+++ Provided entries +++

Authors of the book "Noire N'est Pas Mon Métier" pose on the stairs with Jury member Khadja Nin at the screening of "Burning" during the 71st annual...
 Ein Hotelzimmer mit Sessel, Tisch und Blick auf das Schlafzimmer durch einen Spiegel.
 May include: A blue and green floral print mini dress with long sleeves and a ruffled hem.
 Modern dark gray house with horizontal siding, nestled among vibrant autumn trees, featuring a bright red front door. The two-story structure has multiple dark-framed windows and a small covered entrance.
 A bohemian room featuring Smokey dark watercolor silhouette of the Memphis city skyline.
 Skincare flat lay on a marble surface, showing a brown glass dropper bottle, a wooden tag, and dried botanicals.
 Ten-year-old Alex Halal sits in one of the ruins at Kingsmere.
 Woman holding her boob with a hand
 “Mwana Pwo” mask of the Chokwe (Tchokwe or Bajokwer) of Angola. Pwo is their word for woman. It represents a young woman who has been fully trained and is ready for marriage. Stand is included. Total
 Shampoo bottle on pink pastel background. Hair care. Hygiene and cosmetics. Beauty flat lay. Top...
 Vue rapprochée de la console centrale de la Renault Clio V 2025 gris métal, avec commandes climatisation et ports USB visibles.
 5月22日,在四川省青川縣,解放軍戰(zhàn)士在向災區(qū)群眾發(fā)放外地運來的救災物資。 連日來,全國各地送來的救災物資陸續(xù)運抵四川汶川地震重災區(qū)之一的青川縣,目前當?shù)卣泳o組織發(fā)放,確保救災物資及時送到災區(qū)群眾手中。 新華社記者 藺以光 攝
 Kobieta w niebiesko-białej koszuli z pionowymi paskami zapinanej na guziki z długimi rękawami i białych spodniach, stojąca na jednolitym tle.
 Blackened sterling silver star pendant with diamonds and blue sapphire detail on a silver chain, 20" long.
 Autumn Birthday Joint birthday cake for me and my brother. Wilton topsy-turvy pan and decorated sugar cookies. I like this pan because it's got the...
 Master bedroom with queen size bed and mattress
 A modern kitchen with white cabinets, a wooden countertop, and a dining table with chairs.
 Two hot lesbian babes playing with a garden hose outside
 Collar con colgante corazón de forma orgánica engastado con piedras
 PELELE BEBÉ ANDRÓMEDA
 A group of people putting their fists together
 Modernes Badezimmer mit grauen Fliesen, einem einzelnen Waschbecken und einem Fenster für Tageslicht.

+++

Task statement
Make a copy of each line in the records that has the word "blue".

Answer section
 May include: A blue and green floral print mini dress with long sleeves and a ruffled hem.
 Blackened sterling silver star pendant with diamonds and blue sapphire detail on a silver chain, 20" long.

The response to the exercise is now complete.